Personally, I began to experience this kind of ‘all or nothing’ thought process when I was around 15. It was after the person who abused me had promised that the third time was the last time (haven’t promised the same for the previous two times). So on the fourth, I think there was part of me who just thought ‘this is it now’; and it was almost as though I accepted that being abused was now my life a part of my life.

I began self-harming (through scratching at my arm until it bled) initially with the mindset/intention/motivation that only I was allowed to hurt my body. It wasn’t for anyone else to touch, or cause harm to. I think that as well, for many reasons, I ultimately couldn’t stop the abuse, but I knew that I could stop hurting myself whenever I wanted to.

And there was my first black and white thought: I’m either in pain, or I’m not. There could be no middle ground in me perhaps being in pain but coping with it, or – on the other hand – not being in pain but still struggling mentally. At the time, I wanted to be in pain.

As a result, my next thought was: I’m either in control, or I’m not. I couldn’t be ‘in control’ if I wasn’t in pain because it’d mean someone/something was stopping me from hurting myself (e.g. being in restraint, or sectioned). And at the time, I was desperate for some any sense of control.
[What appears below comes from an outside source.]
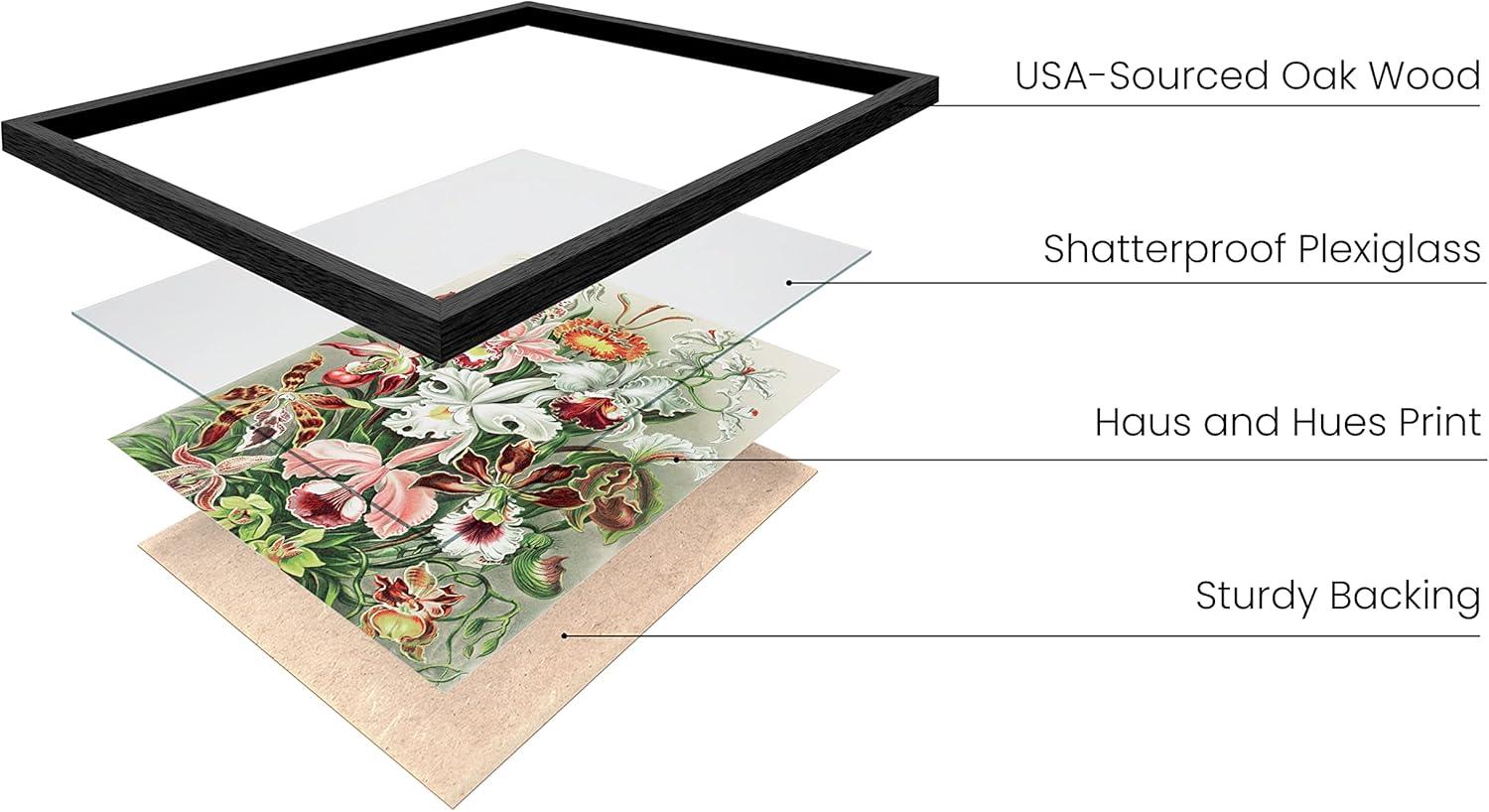 imageHAUS AND HUES Ernst Haeckel Poster  Vintage Botanical Print Flower ampamp Plant Wall Art Cottagecore Decor Haeckel Art Print Black Frame 12x16Flower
And either someone was helping/allowing me to have this, or someone was stopping me. Believe it or not, but there were some professionals back then (2009-2012) who knew that if I was left in control then I’d hurt myself; and they allowed me to go ahead and do that.

I think that, in many ways, recovery was the reason I finally developed a better insight into things and was no longer blind sighted by making a ‘yes-or-no’, ‘right-or-wrong’, ‘black-or-white’ decision on everything. I learnt about grey areas. I learnt that grey areas were ‘ok.’ They weren’t dangerous.
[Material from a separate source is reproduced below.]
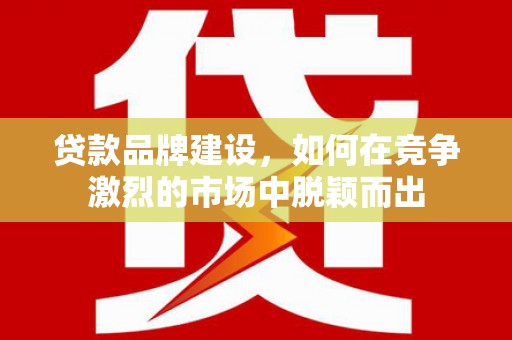 峨边贷款品牌建设，如何在竞争激烈的市场中脱颖而出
The biggest contributor has probably been when I first self-harmed during the time I classed myself as being ‘in recovery.’ I had to find a way to cope with what I had done and the idea that it could mean I’d had a relapse and might need another hospitalisation wasn’t an option. My new, healthy mind could see that deciding what had happened was ‘bad’ wouldn’t help me cope with it any easier and I had to use that knowledge; and my need to be comforted, to form a new ‘take’ on the situation…
Something a bit darker than white, and a bit lighter than black!